▸ TASK
Taking only the lines of the data below from the line with "Disney Womens/Ladies High" to the line with "Historical re-enactment of", ends included, write them out exactly and without pictures.

▸ DATA SECTION
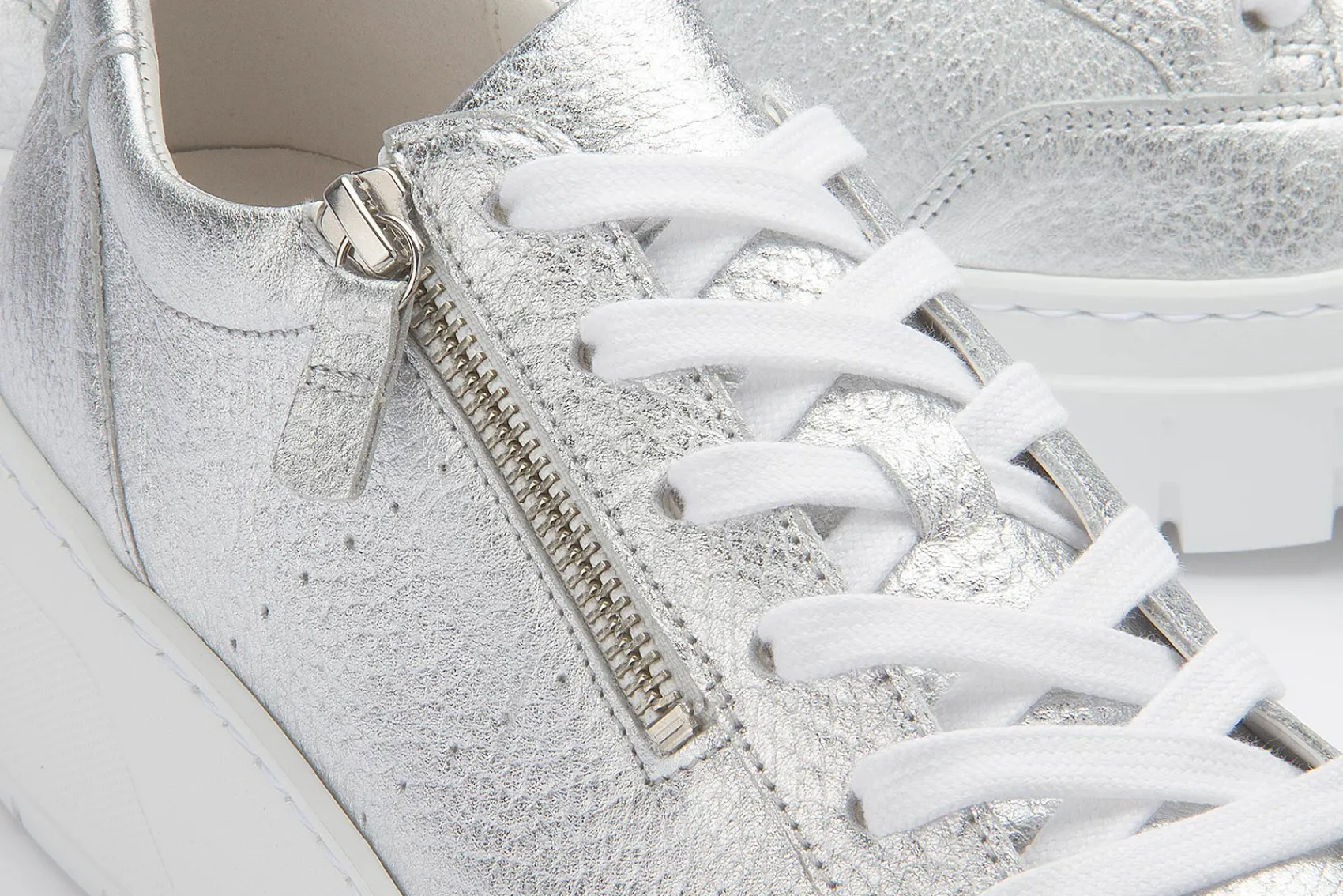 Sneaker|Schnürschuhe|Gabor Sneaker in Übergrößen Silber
---
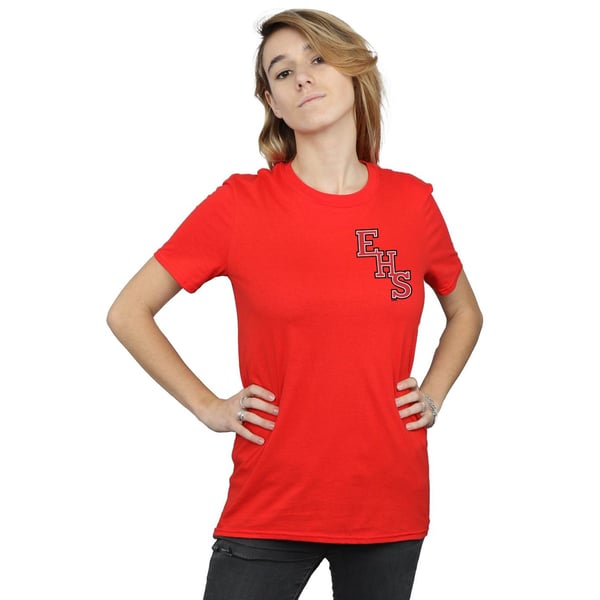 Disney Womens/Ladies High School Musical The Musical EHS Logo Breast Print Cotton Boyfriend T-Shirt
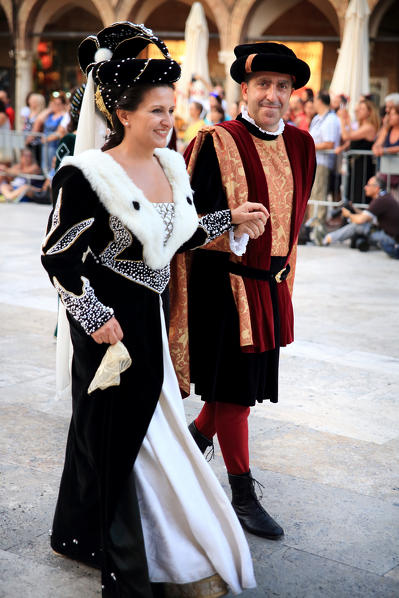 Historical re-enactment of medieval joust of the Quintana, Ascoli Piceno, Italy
==
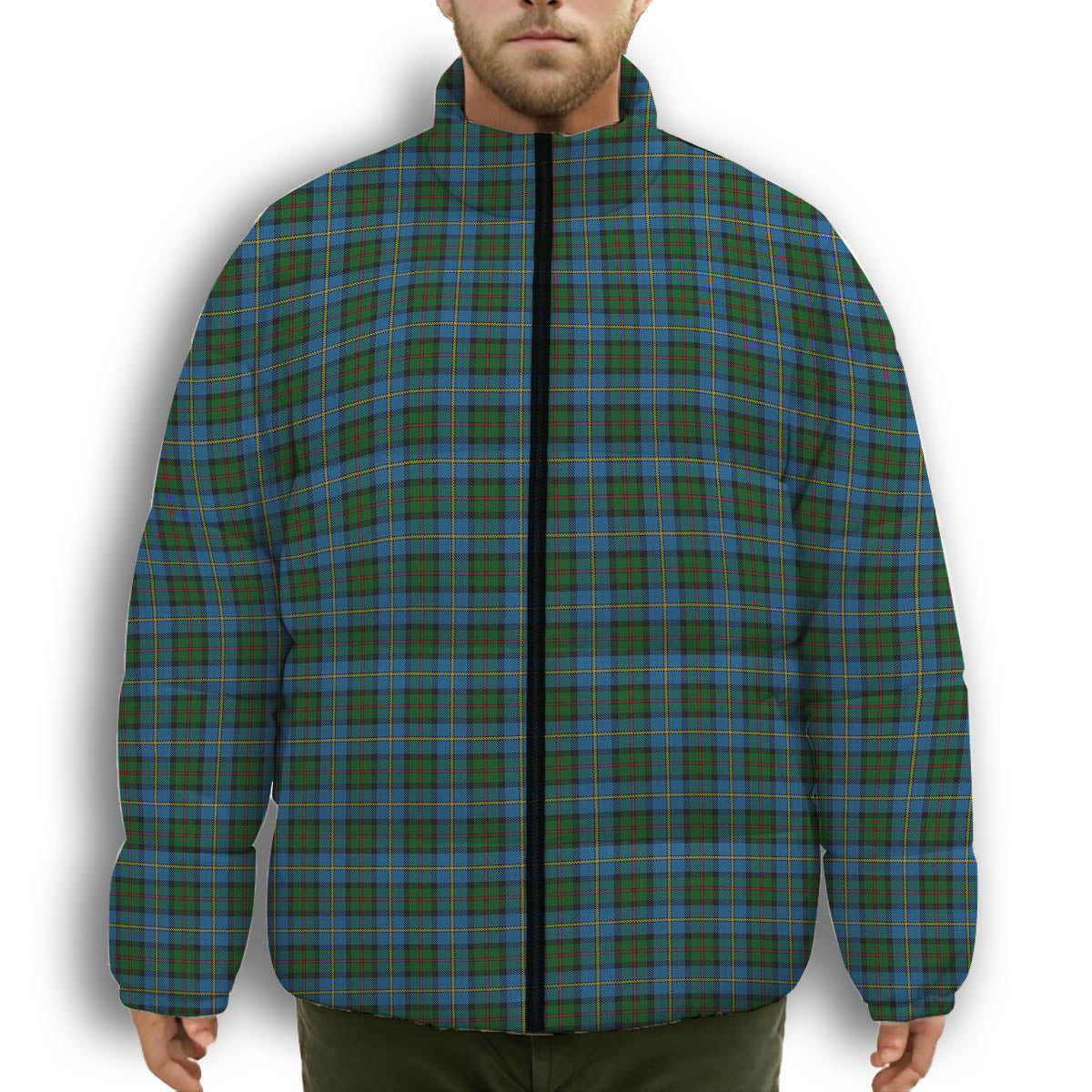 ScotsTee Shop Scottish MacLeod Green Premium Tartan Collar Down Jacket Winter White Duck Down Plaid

▸ RESULT FOR THIS EXERCISE
 Disney Womens/Ladies High School Musical The Musical EHS Logo Breast Print Cotton Boyfriend T-Shirt
 Historical re-enactment of medieval joust of the Quintana, Ascoli Piceno, Italy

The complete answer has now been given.